>>>

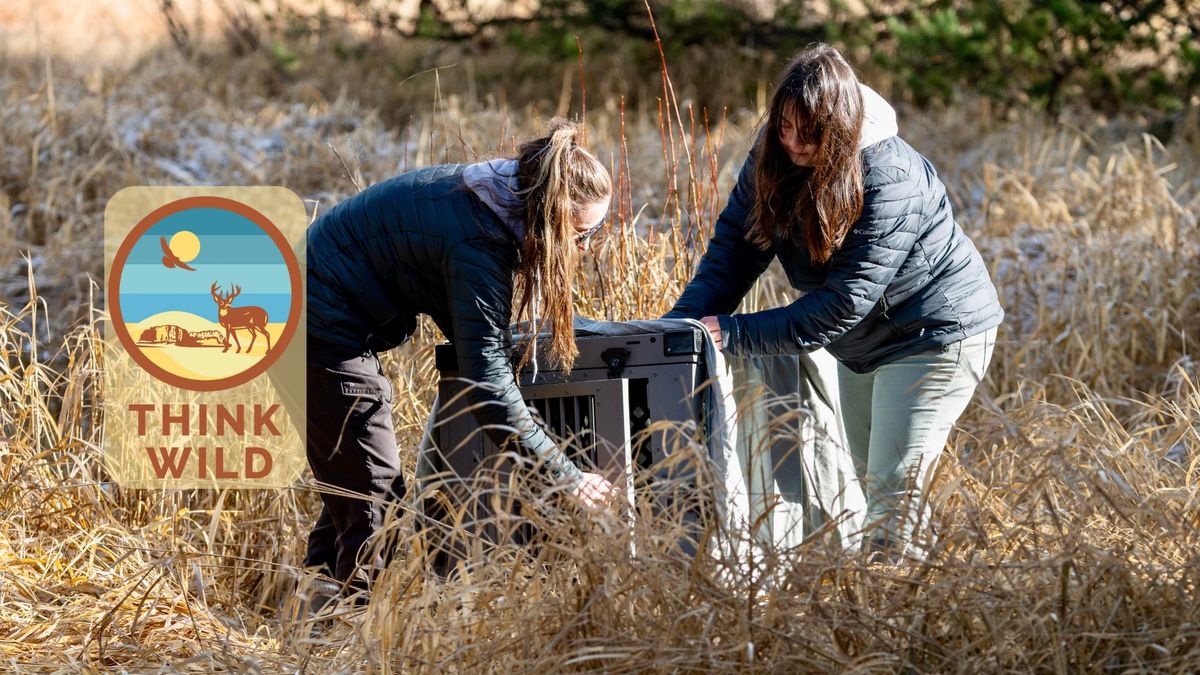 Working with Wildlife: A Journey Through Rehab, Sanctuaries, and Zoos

<<<
>>>

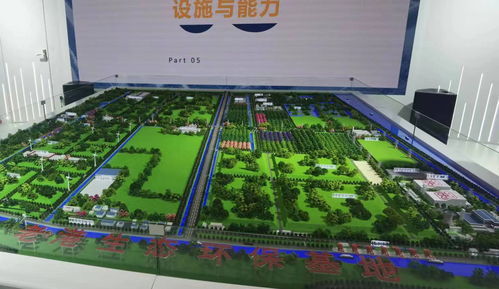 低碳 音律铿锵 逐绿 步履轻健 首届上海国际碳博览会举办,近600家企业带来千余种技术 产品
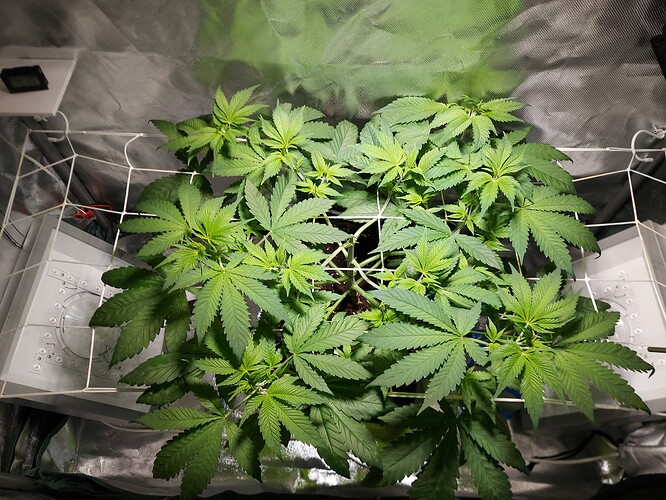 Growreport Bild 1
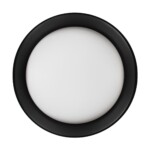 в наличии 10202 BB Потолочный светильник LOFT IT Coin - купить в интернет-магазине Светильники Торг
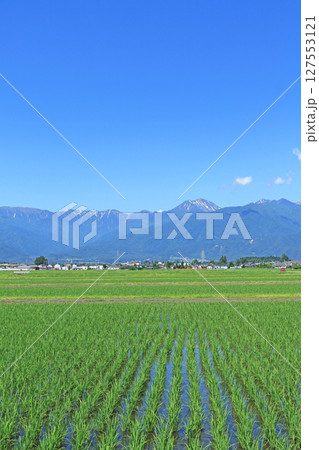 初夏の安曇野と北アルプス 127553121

<<<

WORK INSTRUCTIONS:
Pictures excluded, give again exactly and only the lines of the material above from the line with "低碳 音律铿锵 逐绿 步履轻健" through the line with "初夏の安曇野と北アルプス 127553121".

ANSWER SPACE:
 低碳 音律铿锵 逐绿 步履轻健 首届上海国际碳博览会举办,近600家企业带来千余种技术 产品
 Growreport Bild 1
 в наличии 10202 BB Потолочный светильник LOFT IT Coin - купить в интернет-магазине Светильники Торг
 初夏の安曇野と北アルプス 127553121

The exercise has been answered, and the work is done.